早稲田大学 ICT・ロボット工学拠点

スーパーグローバル大学創成支援(SGU) Waseda Ocean構想
Waseda Goes Global:A Plan to Build a Worldwide Academic Network
that is Open, Dynamic and Diverse

早稲田大学

海外派遣学生/Student

實川 智裕 Tomohiro JITSUKAWA

派遣期間
平成28年7月~平成28年9月
派遣先大学
Nanyang Technological University(南洋理工大学)
派遣先国・地域名
シンガポール

派遣プログラムの内容について

南洋理工大学の佐藤裕崇准教授の研究室で甲虫に搭載する人工翅に関する研究を行った。
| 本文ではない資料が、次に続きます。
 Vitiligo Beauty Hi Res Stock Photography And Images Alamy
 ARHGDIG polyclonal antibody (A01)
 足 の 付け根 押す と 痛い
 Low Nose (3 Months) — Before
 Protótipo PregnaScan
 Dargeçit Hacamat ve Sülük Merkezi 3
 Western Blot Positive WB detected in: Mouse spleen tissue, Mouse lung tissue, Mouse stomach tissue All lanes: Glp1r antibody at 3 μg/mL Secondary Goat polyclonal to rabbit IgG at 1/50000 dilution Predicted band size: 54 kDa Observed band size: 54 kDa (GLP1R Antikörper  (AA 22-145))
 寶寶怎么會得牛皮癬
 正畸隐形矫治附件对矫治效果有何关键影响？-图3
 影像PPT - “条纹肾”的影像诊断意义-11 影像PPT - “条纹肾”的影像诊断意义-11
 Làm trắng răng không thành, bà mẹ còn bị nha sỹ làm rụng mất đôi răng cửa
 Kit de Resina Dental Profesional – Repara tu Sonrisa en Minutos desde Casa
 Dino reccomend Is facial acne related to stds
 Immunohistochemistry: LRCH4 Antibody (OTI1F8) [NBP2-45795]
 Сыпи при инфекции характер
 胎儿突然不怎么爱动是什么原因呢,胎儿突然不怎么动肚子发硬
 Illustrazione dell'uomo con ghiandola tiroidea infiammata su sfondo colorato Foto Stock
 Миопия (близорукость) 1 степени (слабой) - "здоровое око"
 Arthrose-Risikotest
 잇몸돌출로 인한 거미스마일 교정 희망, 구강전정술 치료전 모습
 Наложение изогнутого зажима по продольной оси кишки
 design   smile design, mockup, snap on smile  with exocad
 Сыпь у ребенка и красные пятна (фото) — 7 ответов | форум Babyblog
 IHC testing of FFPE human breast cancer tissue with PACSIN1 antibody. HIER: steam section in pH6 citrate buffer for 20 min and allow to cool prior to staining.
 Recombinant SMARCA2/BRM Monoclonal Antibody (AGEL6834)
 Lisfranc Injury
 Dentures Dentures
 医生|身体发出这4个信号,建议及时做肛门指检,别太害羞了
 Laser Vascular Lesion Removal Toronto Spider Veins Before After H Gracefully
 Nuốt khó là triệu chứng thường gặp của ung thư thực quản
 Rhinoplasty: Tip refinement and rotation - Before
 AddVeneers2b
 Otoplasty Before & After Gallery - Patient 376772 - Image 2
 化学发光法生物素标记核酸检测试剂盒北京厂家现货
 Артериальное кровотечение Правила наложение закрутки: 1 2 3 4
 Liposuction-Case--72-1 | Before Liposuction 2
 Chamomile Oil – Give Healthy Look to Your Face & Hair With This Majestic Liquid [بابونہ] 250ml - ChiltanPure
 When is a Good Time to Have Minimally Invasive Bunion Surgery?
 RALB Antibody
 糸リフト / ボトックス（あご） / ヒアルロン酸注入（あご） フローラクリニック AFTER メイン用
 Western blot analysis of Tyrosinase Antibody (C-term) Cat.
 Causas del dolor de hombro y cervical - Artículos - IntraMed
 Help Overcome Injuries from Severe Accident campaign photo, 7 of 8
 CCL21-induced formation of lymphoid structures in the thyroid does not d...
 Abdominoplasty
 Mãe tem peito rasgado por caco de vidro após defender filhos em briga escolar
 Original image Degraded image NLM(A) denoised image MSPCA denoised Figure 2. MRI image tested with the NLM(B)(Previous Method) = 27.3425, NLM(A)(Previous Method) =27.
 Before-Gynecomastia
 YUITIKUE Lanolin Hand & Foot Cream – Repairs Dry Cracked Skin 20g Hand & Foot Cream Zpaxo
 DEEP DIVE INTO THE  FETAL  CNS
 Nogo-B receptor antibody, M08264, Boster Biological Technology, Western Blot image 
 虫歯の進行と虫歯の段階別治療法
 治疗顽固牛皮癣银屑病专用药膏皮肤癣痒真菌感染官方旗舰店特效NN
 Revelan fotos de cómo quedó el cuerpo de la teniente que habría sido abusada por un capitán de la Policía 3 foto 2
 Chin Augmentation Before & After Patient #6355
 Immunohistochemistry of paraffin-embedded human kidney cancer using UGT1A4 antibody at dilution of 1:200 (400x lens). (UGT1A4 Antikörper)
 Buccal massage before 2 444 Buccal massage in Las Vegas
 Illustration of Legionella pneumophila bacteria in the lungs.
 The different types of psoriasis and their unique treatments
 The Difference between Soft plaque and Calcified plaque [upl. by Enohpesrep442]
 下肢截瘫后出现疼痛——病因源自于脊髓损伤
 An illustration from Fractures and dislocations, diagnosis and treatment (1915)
飛行の開始、終了、左右旋回 などの電子制御が発達しつつある甲虫の翅を人工翅に置き換えることで、飛行性能を向上させたり、飛行の特性に変化を与えることが本研究の目的である。甲虫の翅の部位は形状を保持するための脈と、空気をとらえるための膜に大別できる。研究の第一段階として、人工化が比較的容易と考えられる膜のみに処置を施す。処置後は3Dモーションキャプチャシステムのある部屋で自由飛行させ、その時の飛行速度、加速度を計測し、処置前のデータと比較することで飛行性能がどう変化したかを評価する。以上のようなプロセスでよりよい人工翅の開発を行う。

学習成果について

膜の70%をパリレンという人工翅に置き換え甲虫を飛行させることに成功した。虫の自然膜をカットしパリレン膜をはらない状態で虫を飛ばそうとすると墜落するので、パリレン膜がプラスに働いているということがわかる。パリレン膜で置き換え飛行させる実験を9サンプル行ったが、自然翅の飛行速度に対する補修翅の飛行速度の増減率はいずれも±15%内に収まった。また9サンプルすべての増減率の平均を取ると0%に近くなった事から、パリレン膜に置き換えることによって自然翅の飛行性能にまで回復させることが可能ということがわかった。また、主として研究を進めるために留学の機会を与えていただいたが、研究を進める中で現地の研究者とコミュニケーションをとるため英語力も自然と向上した。渡星してから数週間で、簡単な会話だけでなく研究に関する高度な知識を要する会話も完璧とまではいかないができるようになった。

海外での経験について

旅行するだけではわからないシンガポールの方の人柄や文化に触れることができた。南洋理工大学の人々は皆親切で大学内で道に迷って途方に暮れていると向こうから道を教えてくれたりした。研究室では多くの友人ができ、一緒に研究を行ったり食事を共にすることで親睦を深めることができた。またホームステイでホストの方と生活していたので現地の風習や美味しい食べ物などたくさん教えてくれた。研究とは別に英語を使って書類を作成し手続きを進め、大学の事務の方とメールしたりすることで、海外の方を相手とする事務処理の練習にもなったと思う。

今後の進路への影響について

留学を経験したことによって進みたい進路に変化があったということはありませんが、その進路に進み仕事をしていく上で役に立つような経験ができたと思っております。研究は研究室で行っている活動ですので、自分ひとりでに進めるものではなく指導教員と話し合いながら進めていく必要があります。しかし、留学に来ており指導教員が実験の様子を直に見ることができなくなり顔をあわせて話し合うこともできなくなります。そういった中で必要とされるのが、現場の状況を正確に伝えることやその状況を考慮し解決策を指導教員に提案することだと思います。現場の状況は末端にいる自分しか知りえないので、このような能力が必要だと感じました。これは会社に入って仕事をする上でも大事なことだと思います。今回の留学ではそのような能力も鍛えられました。

その他

人材育成のため留学の支援をしていただけることはとても有難いことですし、このようなシステムがあるのは素晴らしいことだと思いました。このような機会を与えていただき、支援をしていただけるからには留学中だけでなく、帰国後も研究を頑張ろうと思いました。